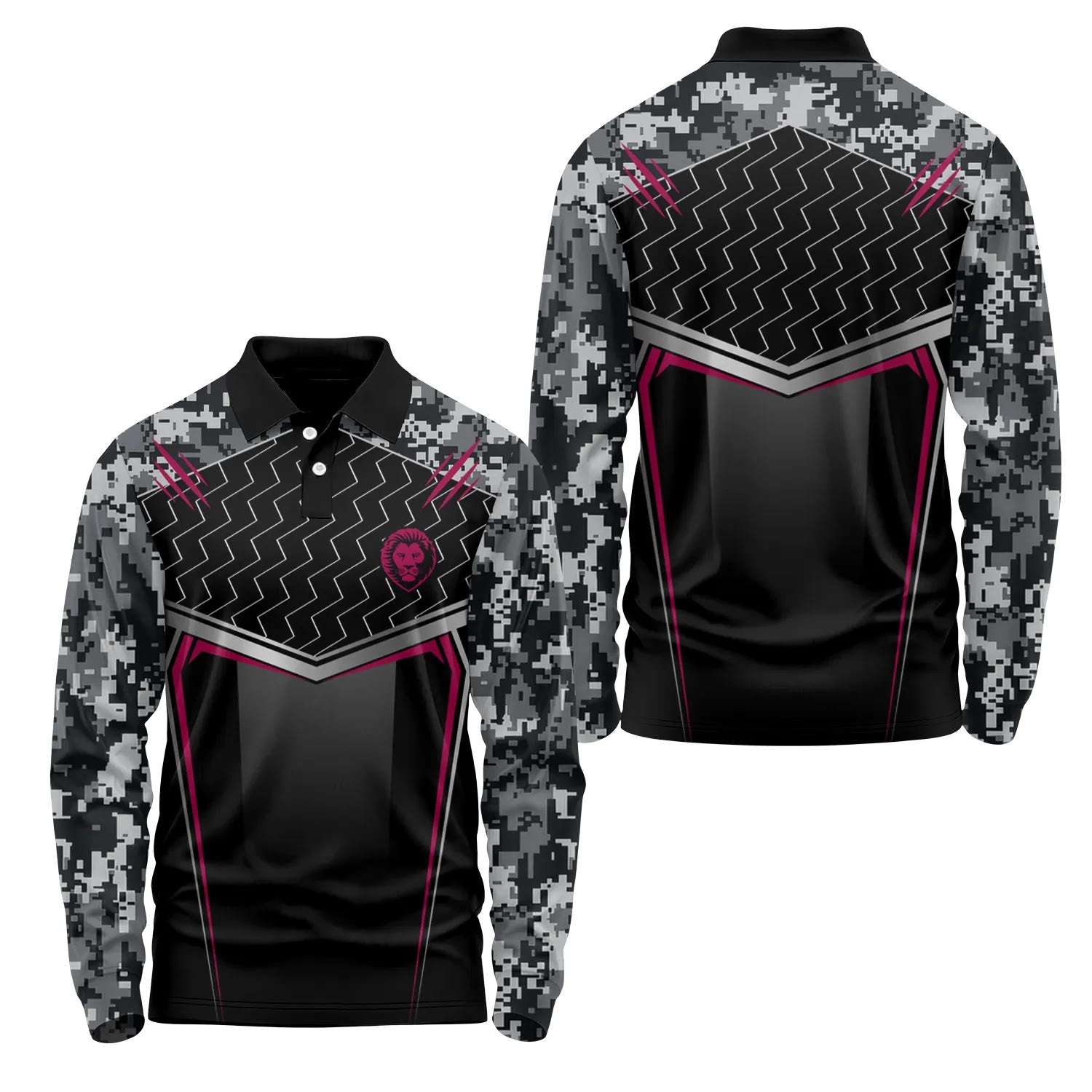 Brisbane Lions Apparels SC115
##########
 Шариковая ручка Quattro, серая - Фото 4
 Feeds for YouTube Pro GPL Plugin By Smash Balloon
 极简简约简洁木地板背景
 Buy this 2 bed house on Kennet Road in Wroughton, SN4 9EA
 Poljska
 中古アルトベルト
##########
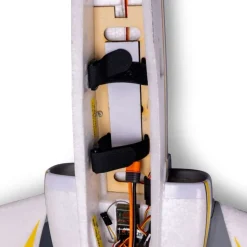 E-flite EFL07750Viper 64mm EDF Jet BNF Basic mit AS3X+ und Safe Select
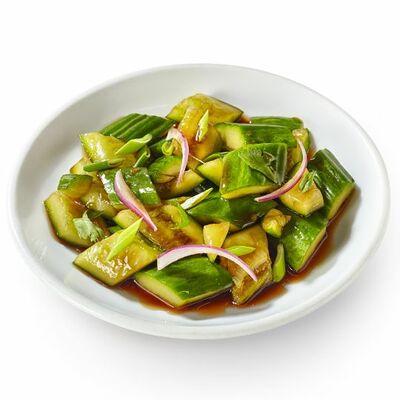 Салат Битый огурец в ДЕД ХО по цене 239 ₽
##########
→ **ACTIVITY**:
Using the records above, repeat exactly the run of lines that starts with the line with "E-flite EFL07750Viper 64mm" and goes on through the line with "Салат Битый огурец в ДЕД ХО по цене 239 ₽"; omit each picture.

→ **ANSWER TO THIS TASK**:
 E-flite EFL07750Viper 64mm EDF Jet BNF Basic mit AS3X+ und Safe Select
 Салат Битый огурец в ДЕД ХО по цене 239 ₽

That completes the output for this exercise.